I recently joined a group of NDA employees and others from across our industry at the 3rd national Women in Nuclear (WiN UK) conference in London.
A bigger body of support to effect change
Jack Gritt, President of WiN UK, told us that female membership of the Nuclear Institute, 19-22%, mirrors the percentage of women working across the industry. We’d all like to see this increase to maintain the pipeline of future talent.
What’s great is that there’s an exciting trend for those beginning their careers: nearly half of the Young Generation Network membership is female. Often, these young people are also involved in STEM ambassador work, promoting science and technology in schools which all helps to attract more professionals from the next generation. It made me realise that we all need to let the young know our industry exists and offers great career paths.
Jack Gritt told us her own 32-year nuclear career had humble beginnings and stressed that it was never too late to get qualifications.

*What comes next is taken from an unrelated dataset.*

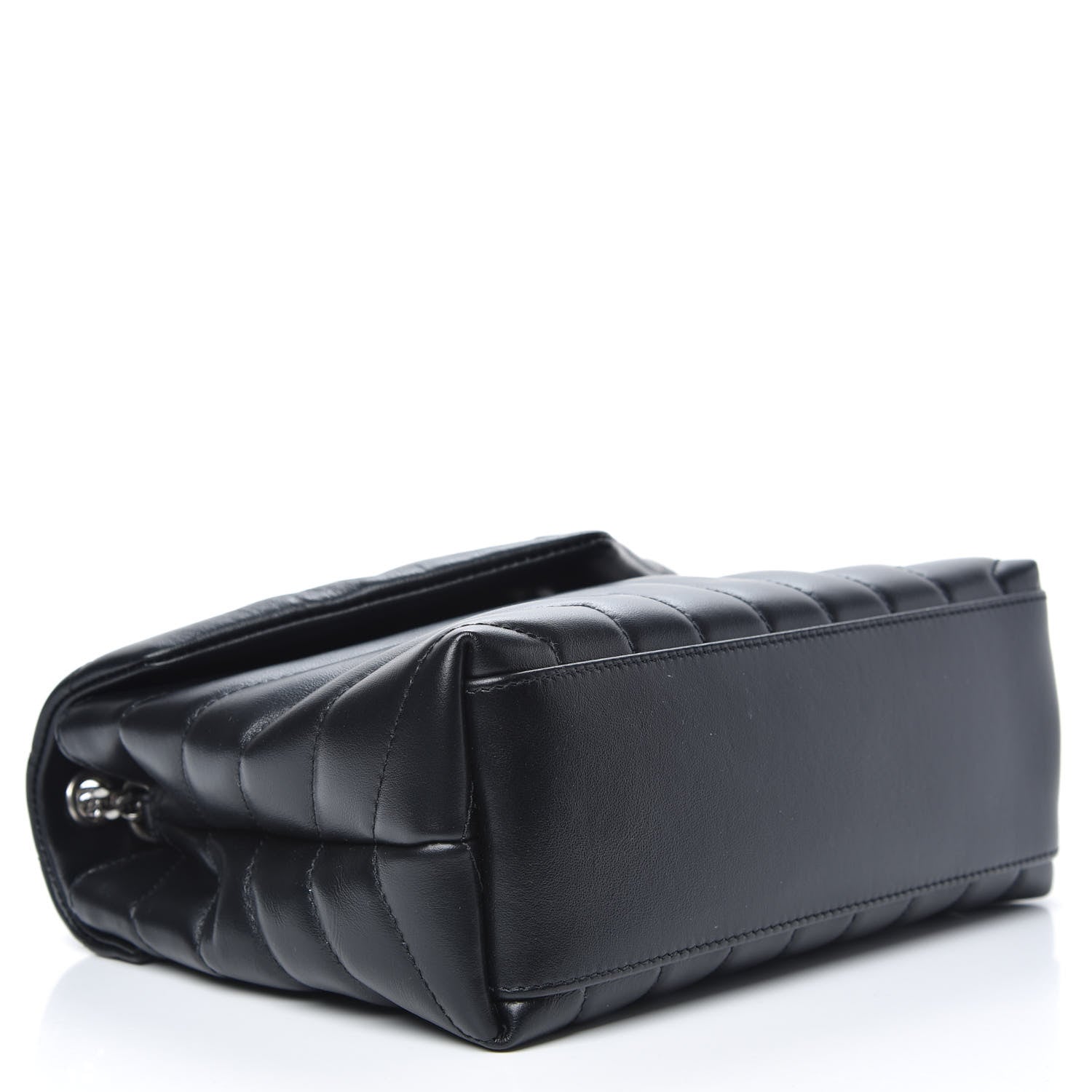 Saint Laurent Calfskin Y Quilted Monogram Small Loulou Chain Satchel Black 4 of 7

There’s increasing commitment s across the industry. Under the leadership of NDA's Carole Jones, who is an Executive Member of WiN UK, we’ve seen 40 companies sign the WiN’s Industry Charter and make various pledges.
WiN also has new regional teams, led by Loretta Browne (Costain), that engage people in activities on diversity and inclusivity.
The message is clear: “The nuclear industry welcomes women”.
The Big Questions
Whilst statistics show that more diverse companies succeed, participants valued the less tangible benefits: positive contributions from different ways of thinking and expertise. Pete Lutwyche, from Jacobs, stated “Your heart and gut tells you that this different thinking drives performance”.
Most of the panel agreed that diversity should be part of the way organisations operate. Leaders should define a strategic direction and middle management should consider this when making decisions.
We all need to spread the word in actions, images and words. It’s about us all being role models, encouraging women to grasp opportunities to be the best they can be.
Taking action: culture of diversity and inclusivity
Organisational cultures that promote gender diversity are as critical for the nuclear industry as the safety culture.
An interesting analogy was discussed:
Olympic athletes travel around the world. Wherever they stay, a large team of people makes sure they have the best conditions. Someone cleans door handles to prevent microorganisms transferring onto athletes’ hands, someone ensures optimum room temperature for sleep, someone else manages nutrition. All these count, even if, in isolation, they appear as tiny drops in the ocean.
In the context of diversity, taking action is in everyone’s hands. Actions may or may not have a visible impact but all will count, and that’s everyone’s responsibility.
Members of the audience were left with a clear sense of direction towards making efforts in diversity and inclusivity. Everyone reached an implicit agreement that action was required. The question was when, where and how.
So what will you do?
What can your business do?
Join other organisations in signing up to the WiN Industry Charter and pledge to improve diversity and inclusivity.
If your organisation wants to help, you might consider corporate sponsorship of the MentroSET scheme.
What can individuals do?
I’ve been inspired to volunteer for the Industry Guidance Committee.
There are lots of activities that you can participate in.
WiN UK has regional teams and seeks support from those committed to change.
Watch out for the opportunities to be involved in speed mentoring session that connect smart, bright people and support careers.
Be a role model that inspires the next generation.
Women in Nuclear UK (WiN UK)
WiN UK was formed in 2014 as a not-for-profit making organisation run by volunteers and became a branch of the Nuclear Institute in 2016.